Point Loma Nazarene University - History

History

Presidents
1. Phineas F. Bresee 1902-1911
2. Edgar P. Ellyson 1911-1913
3. H. Orton Wiley 1913-1916
4. Edward F. Walker 1917-1918
5. Andrew O. Hendericks 1918-1923
6. C. B. Widmeyer 1923-1926
7. H. Orton Wiley 1926-1928
8. Orval J. Nease 1928-1933
9. H. Orton Wiley 1933-1949
10. Westlake T. Purkiser 1949-1957
11. Russell V. DeLong 1957-1960
12. Oscar J. Finch 1960-1964
13. Shelburne W. Brown 1964-1978
14. Bill Draper 1978-1983
15. Jim Bond 1983-1997
16. Bob Brower 1998–present

The college was founded by several female laypersons in the Church of the Nazarene with the assistance of Phineas F. Bresee, co-founder of the Nazarene Church in Los Angeles. The "initiators," in the words of historian Timothy L. Smith, convinced "a reluctant Bresee to support the venture."

The institution envisioned was "a simple Bible college" to train ministerial and lay leadership for the newly established Nazarene denomination; however, a Bible college did not fit Bresee's notion of a real Christian school, and he "promised little or no assistance." The women went ahead with their plan, with money raised from their husbands, and Pacific Bible College opened in 1902 under Principal Mary Hill. In 1906, Bresee's interest in the college was piqued with a large donation from Jackson Deets. Bresee now saw the possibility for a real liberal arts college in the newly renamed Deets Pacific Bible College. Bresee and Deets were soon planning Nazarene University together: academy, liberal arts college, and bible school. It became one of the first three "official" educational institutions affiliated with the Church of the Nazarene in 1908, and was named Deets Pacific Bible College in 1909. In 1910, it was renamed Nazarene University and, against the wishes of Jackson Deets and the advice of Nazarene General Superintendent John W. Goodwin, the college moved to the Hugus Ranch property in Pasadena, California. It was renamed again to Pasadena University following a theological dispute and near bankruptcy in 1917.
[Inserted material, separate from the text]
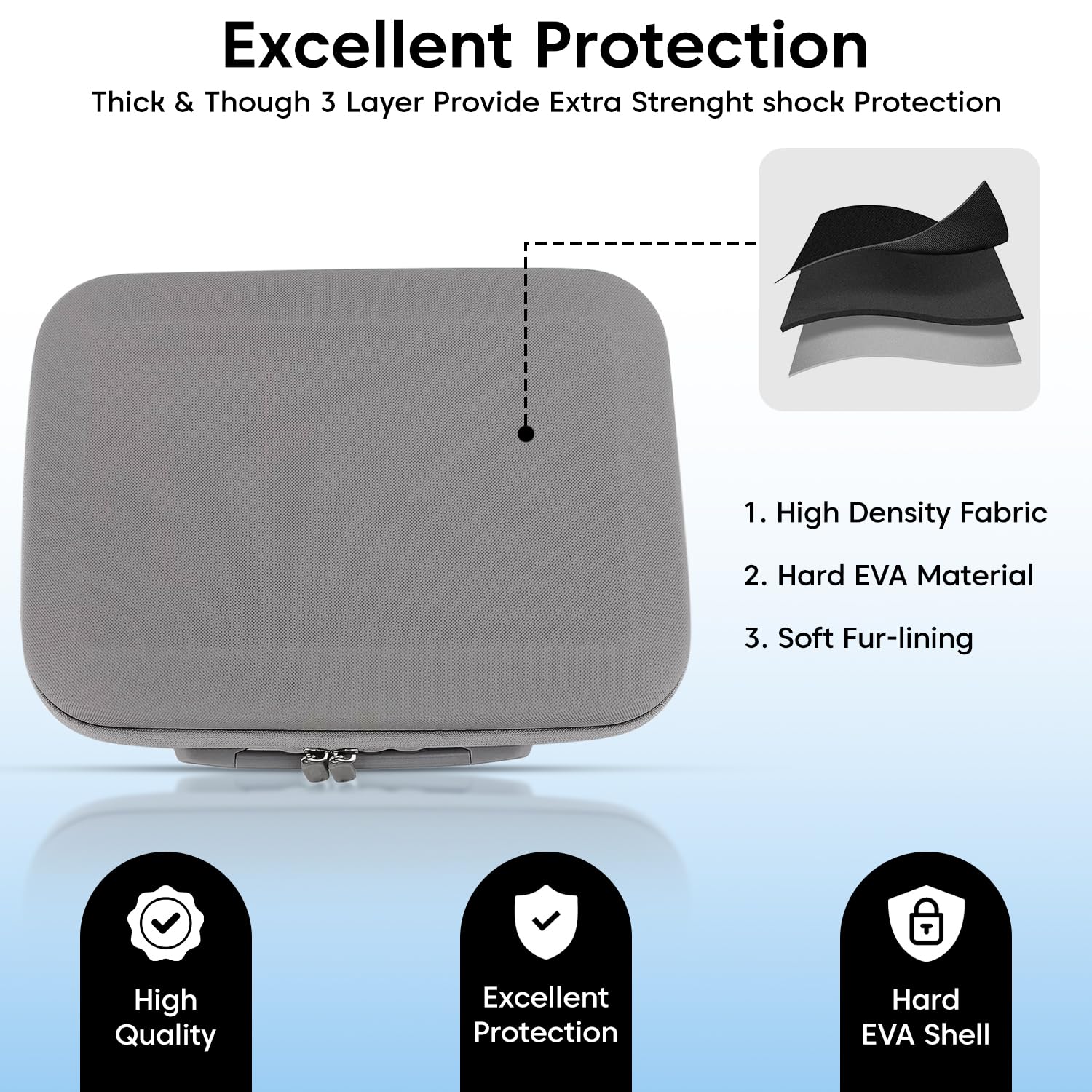 Sounce Carrying Case for DJI Neo, Neo Fly More Combo Accessories, Compatible with RC-N3 Remote Controller, Neo Intelligent Flight Battery, Charging Hub (Drone not Included)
In 1924, the name was changed again, this time to Pasadena College. The school received accreditation from the Western Association of Schools and Colleges in 1949. The college preparatory program was ended in the 1950s. In 1973, the college was relocated to the former California Western University campus on Point Loma in San Diego, after a rejected plan to move the school to Santa Ana, where it existed for ten years as "Point Loma College: An Institution of the Church of the Nazarene" until the name was changed to Point Loma Nazarene College (PLNC) in 1983. In 1998, the name was changed again, to Point Loma Nazarene University (PLNU).